Take language arts: Richardson’s 3rd graders rank in the 73rd percentile on the Comprehensive Test of Basic Skills; Drew’s students are in the 37th percentile, Shadd’s in the 21st. In 6th grade science, the results are similar: Richardson, 46th percentile; Drew, 26th; and Shadd, 19th.

Those scores were earned by students like Latyeshia, a 2nd grader I’ve known for two years. She hadn’t learned to read as a 1st grader and was determined to learn this year. Early in June, she read aloud to me from a book she’d never seen. “What’s it like to read?” I asked her.

“It’s neat. I can read signs and stuff like that, and books at home.”

Latyeshia is not alone. Tiffaeny, Jonathan, Anthony, Bianca, and nearly every other 2nd grader at Richardson can and does read. Most of them were reading at the end of 1st grade (thus Latyeshia’s embarrassment). That is no small feat in a city with well-documented educational problems. It’s no small feat in a country whose president has set a national goal of having all children reading by the end of 3rd grade.

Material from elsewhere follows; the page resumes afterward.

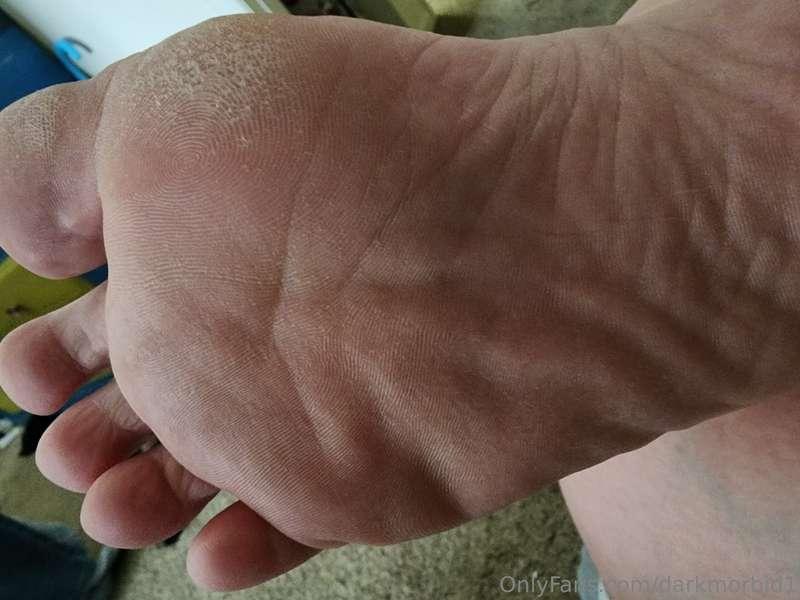 Ooowee looks like these dogs are in need of some lotion. Who..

Richardson has been an exemplary public school in other ways. Thirty parents have earned high school equivalency diplomas in the last three years. Since adopting James P. Comer’s School Development Program in 1994, attendance increased to 96 percent and vandalism all but disappeared.

While Richardson and its achievements have been recognized nationally, city school officials placed its neighbors, Shadd and Drew, on the list of “educationally challenged” schools. That’s education-speak for “lousy.”

But declining enrollments and a money shortage created a problem. All three schools were less than full; two elementary schools would be sufficient for the neighborhood. But which one should be closed?

That decision fell to the District of Columbia’s new Emergency Transitional Education Board of Trustees, appointed in November to run the city’s troubled school system. Bruce MacLaury, who chairs the board, explained why Richardson had been chosen. “Geography. Look at the map,” he smiled, pointing out that Richardson lies between the other two schools. “We’re going to assign half of Richardson’s students and teachers to Drew, and half to Shadd. That way we’ll end up with two full schools.”

If Mr. MacLaury expects Richardson’s parents--some of whom fled Drew and Shadd--to send their children there, he’s in for a shock. At least 10 percent of Richardson’s parents (all low-income) have already enrolled their children in nonpublic schools. Two hundred parents have volunteered to work to create a charter school in the former Richardson.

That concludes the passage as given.